Dataset content:

>>>

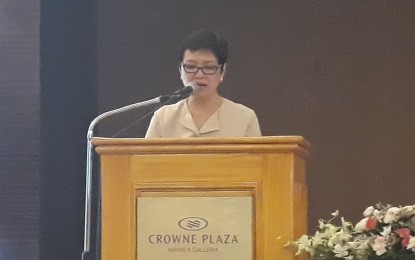 <p>RRHI President Robina Gokongwei-Pe presents the company's 2017 performance report and future plans at the annual stockholders' meeting at Crowne Plaza in Ortigas on Monday, May 28. <em>(PNA photo)</em></p>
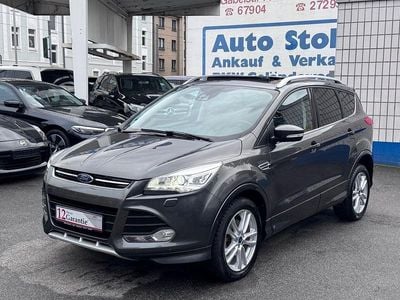 Grau Gebraucht 2016 Ford Kuga Individual SUV | 14.300 € (Fairer Preis)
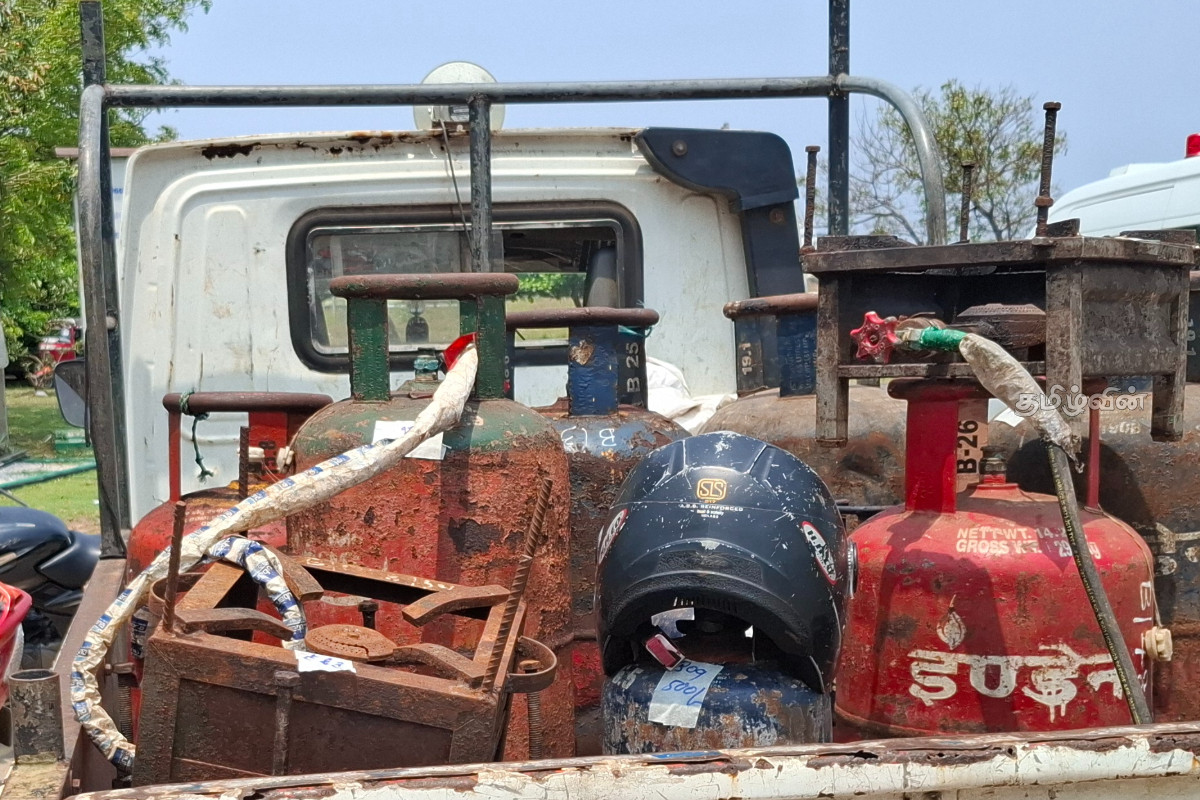 யாழில் இந்தியப் படகுப் பொருட்கள் பகிரங்க ஏல விற்பனை | Public Auction Sale Indian Boat Products In Jaffna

<<<

What you are asked to do: Word for word, retype all of the data above, but include no pictures.

Finished task:
 <p>RRHI President Robina Gokongwei-Pe presents the company's 2017 performance report and future plans at the annual stockholders' meeting at Crowne Plaza in Ortigas on Monday, May 28. <em>(PNA photo)</em></p>
 Grau Gebraucht 2016 Ford Kuga Individual SUV | 14.300 € (Fairer Preis)
 யாழில் இந்தியப் படகுப் பொருட்கள் பகிரங்க ஏல விற்பனை | Public Auction Sale Indian Boat Products In Jaffna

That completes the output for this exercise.